Когда я вышел из образцовой КПЗ, я был настолько раскален, что от меня можно было прикуривать.
Начальник уездной милиции, как и положено начальнику милиции, был знатоком человеческих душ и физиономий.
Мельком взглянув на меня, он сразу же все понял.
— Задал вам Гришка перцу?
— Ну и мерзавец!
— И еще какой мерзавец! — поддержал он. — Во всей Нижегородской губернии второго такого не сыщешь. Махровый мерзавец!
— Не говорите!
— Так, может, плюнете на все это дело?
— Нет уж.
— А вы все-таки подумайте, нервы дороже. А главное — я уверен, что ни черта он не знает.

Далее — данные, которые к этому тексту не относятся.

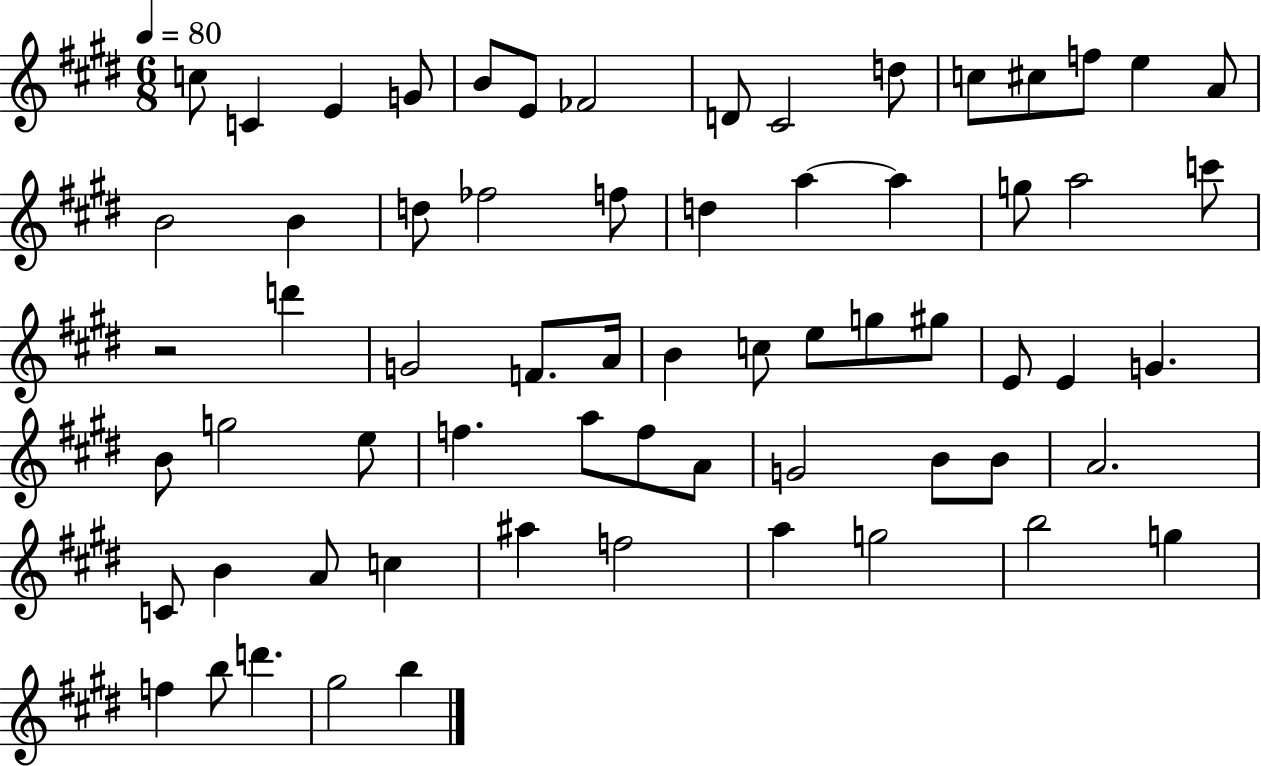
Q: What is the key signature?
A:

— Знает. Ежели бы не знал, то так нагло не держался. Понимает, что мне без него не обойтись, потому и куражится.
— Ну, ежели так, то надо терпеть. Ничего не поделаешь!
— Я-то готов терпеть, а вот вы…
Начальник уездной милиции настороженно посмотрел на меня. Что-то в моей интонации ему явно не понравилось.
— А при чем тут я?
— Ну как вам сказать? Прямого отношения вы, конечно, не имеете, но некоторое касательство…
— Что он хочет?
Я решил проявить максимум такта и излагать требования Беспалова постепенно, не травмируя психику своего собеседника.
— Гурман он, оказывается. Зернистая икра ему, видите ли, требуется. Иначе говорить не желает.
— Ишь ты, — усмехнулся начальник милиции. — И что же вы решили?
— Если не возражаете… — осторожно начал я.
— А чего мне, собственно, возражать? Передачи мы принимаем, пожалуйста.
Такой легкой победы я не ожидал.
— И балык осетровый можно?
— Почему же нет?
— И стерлядь кольчиком?
— Сделайте милость.
— Не знаю, как и благодарить вас!
— А за что? Если вас не смущают расходы, то нас тем более. Правда, с большим удовольствием я бы посадил этого вымогателя на хлеб и воду, чем баловал его разносолами, но, как говорится, воля ваша. Так что никаких возражений.